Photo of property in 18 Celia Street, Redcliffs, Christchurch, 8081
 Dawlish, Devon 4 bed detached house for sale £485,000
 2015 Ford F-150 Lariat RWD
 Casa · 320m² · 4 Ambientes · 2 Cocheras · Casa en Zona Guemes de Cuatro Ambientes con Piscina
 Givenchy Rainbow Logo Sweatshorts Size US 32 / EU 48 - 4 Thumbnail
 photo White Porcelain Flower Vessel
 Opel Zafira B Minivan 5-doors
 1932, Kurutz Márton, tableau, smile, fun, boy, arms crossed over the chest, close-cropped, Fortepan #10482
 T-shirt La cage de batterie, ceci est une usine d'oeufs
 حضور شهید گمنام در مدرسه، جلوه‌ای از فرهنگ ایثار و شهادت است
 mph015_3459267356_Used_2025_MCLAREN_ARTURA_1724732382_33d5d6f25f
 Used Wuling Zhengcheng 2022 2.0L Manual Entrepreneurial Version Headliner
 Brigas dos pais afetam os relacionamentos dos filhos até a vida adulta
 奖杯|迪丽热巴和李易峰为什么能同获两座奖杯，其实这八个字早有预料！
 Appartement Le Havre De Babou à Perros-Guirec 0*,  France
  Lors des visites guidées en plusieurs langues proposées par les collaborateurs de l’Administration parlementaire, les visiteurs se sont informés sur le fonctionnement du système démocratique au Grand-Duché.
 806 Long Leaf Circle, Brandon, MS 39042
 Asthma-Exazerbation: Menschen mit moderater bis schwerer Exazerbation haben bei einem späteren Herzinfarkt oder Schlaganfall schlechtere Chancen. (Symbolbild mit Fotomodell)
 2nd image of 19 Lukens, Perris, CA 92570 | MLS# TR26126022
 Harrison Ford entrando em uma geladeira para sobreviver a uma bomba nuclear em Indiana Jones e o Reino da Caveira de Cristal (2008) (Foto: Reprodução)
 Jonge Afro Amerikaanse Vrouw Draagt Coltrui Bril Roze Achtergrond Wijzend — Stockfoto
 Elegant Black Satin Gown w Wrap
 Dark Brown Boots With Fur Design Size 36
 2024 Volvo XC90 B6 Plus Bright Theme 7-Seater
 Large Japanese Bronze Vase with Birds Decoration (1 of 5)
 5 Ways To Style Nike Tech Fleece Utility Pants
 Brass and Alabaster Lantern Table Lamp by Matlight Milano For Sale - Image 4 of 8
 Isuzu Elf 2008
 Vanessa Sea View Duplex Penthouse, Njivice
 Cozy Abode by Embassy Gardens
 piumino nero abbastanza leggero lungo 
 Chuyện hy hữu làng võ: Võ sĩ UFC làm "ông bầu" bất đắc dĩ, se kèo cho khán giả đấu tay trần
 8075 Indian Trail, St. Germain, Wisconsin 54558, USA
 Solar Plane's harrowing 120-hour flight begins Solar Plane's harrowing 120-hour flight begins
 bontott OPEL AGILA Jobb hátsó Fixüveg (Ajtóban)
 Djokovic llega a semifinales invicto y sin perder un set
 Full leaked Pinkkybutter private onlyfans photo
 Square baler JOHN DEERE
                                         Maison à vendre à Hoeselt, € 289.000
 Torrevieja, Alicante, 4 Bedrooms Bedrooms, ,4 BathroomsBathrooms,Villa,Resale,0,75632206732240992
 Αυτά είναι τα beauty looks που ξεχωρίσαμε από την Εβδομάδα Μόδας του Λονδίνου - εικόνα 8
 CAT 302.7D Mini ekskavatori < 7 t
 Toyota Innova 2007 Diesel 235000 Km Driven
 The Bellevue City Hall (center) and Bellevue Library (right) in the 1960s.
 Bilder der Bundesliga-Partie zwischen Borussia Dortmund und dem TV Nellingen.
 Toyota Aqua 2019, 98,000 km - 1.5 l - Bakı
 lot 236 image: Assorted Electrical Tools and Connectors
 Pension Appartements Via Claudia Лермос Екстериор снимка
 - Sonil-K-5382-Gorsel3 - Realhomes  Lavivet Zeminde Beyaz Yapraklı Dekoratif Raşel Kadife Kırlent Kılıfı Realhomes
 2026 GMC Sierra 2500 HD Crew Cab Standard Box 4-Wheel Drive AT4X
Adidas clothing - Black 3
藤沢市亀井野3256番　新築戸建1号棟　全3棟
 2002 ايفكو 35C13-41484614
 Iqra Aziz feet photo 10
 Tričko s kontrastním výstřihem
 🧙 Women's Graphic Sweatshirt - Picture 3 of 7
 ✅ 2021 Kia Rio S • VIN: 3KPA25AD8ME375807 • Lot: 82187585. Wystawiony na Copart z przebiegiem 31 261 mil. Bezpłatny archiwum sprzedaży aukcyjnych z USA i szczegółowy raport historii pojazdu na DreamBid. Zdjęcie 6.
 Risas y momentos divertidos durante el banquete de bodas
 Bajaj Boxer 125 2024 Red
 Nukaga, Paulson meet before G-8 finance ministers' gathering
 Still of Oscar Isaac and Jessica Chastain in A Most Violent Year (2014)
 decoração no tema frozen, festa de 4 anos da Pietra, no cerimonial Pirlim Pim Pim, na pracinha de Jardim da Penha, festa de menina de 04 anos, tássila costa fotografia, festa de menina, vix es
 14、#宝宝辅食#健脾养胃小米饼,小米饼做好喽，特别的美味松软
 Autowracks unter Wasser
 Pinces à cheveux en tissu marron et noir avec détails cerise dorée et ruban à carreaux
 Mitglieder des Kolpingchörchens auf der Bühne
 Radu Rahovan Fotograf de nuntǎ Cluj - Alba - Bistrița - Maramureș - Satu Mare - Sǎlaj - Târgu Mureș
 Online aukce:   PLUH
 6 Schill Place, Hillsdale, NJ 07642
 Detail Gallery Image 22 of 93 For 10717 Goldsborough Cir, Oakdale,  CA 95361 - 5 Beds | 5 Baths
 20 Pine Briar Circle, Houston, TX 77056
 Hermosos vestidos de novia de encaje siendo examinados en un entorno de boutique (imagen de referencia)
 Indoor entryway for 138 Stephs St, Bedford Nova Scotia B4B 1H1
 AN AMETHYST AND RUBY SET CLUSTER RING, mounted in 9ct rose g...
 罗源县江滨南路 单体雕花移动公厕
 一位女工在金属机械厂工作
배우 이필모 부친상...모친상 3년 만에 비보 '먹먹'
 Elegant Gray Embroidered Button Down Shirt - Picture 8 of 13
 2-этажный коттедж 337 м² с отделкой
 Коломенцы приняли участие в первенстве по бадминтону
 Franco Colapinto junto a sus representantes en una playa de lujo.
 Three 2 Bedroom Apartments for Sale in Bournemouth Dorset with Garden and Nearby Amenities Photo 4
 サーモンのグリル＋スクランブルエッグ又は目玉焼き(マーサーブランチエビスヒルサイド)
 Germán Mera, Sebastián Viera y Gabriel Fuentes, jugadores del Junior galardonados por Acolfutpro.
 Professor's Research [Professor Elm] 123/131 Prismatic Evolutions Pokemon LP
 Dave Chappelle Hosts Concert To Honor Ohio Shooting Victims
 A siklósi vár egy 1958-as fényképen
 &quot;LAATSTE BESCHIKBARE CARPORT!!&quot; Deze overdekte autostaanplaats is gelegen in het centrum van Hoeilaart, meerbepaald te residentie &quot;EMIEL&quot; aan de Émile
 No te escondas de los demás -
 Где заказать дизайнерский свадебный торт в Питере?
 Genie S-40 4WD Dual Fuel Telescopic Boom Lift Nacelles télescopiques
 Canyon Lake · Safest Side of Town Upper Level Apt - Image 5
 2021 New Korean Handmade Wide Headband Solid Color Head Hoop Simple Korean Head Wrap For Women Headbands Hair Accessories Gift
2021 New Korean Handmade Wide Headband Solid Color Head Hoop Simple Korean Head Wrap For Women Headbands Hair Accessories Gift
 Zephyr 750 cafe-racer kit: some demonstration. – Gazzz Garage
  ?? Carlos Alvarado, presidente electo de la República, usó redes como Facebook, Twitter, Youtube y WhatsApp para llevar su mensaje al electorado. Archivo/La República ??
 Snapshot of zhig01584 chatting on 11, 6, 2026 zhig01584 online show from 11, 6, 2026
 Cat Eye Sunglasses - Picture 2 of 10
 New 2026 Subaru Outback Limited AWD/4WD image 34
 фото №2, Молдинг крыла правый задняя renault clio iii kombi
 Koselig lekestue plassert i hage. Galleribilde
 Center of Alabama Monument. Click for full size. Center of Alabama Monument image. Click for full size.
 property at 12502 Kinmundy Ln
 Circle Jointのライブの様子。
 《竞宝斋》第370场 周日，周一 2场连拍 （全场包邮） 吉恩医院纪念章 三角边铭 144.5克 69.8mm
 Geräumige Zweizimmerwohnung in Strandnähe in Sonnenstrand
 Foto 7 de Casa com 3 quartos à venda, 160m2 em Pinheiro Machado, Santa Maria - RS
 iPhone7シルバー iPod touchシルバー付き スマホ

◇ ◇ ◇ ◇ ◇ ◇ ◇

- Exercise aim:
Say how many lines in the records include the string "Gift", giving the figure by itself.

- Exercise answer:
2